Schlagartig aufhören oder schrittweise reduzieren: Was funktioniert besser?
Wenn es um den Rauchstopp geht, gibt es nicht die eine "richtige" Methode, aber die Wissenschaft liefert uns durchaus klare Anhaltspunkte. Wenn Sie die Belege für den abrupten Rauchstopp im Vergleich zur schrittweisen Reduktion verstehen, hilft Ihnen das, die Strategie zu wählen, die für Sie am ehesten zum Erfolg führt.
Was sagt die Forschung?
Die bisher aussagekräftigste klinische Studie zu dieser Frage wurde von Lindson-Hawley et al. (2016) durchgeführt und in den Annals of Internal Medicine veröffentlicht. In der Studie wurden Rauchende nach dem Zufallsprinzip entweder einem abrupten Rauchstopp oder einer schrittweisen Reduktion über zwei Wochen zugeteilt, wobei beide Gruppen eine Nikotinersatztherapie und verhaltenstherapeutische Unterstützung erhielten.

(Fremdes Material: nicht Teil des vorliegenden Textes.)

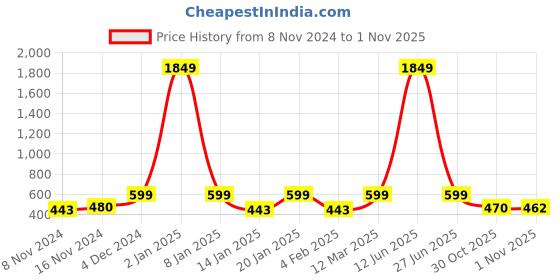 myntra.com HARBOR N BAY Graphic Printed Sweatshirt harbor n bay Price History Graph from 8 Nov 2024 to 31 Oct 2025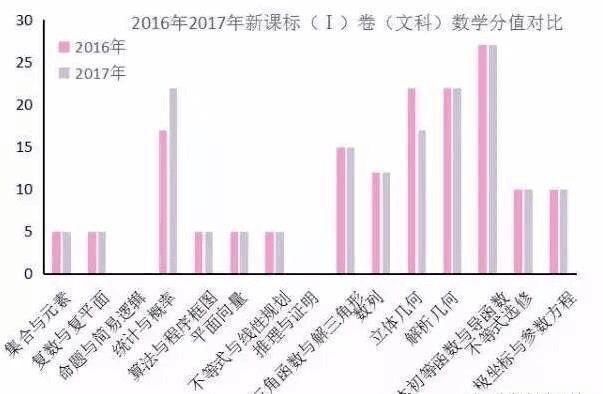 高考数学全国卷题型及命题规律分析-北京时间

Die Ergebnisse waren eindeutig: Der abrupte Rauchstopp führte zu höheren Abstinenzraten nach 4 Wochen (49 % vs. 39 %) und nach 6 Monaten (22 % vs. 15 %) im Vergleich zur schrittweisen Reduktion. Die Forschenden kamen zu dem Schluss, dass ein abrupter Rauchstopp mit höherer Wahrscheinlichkeit zu langfristiger Abstinenz führt.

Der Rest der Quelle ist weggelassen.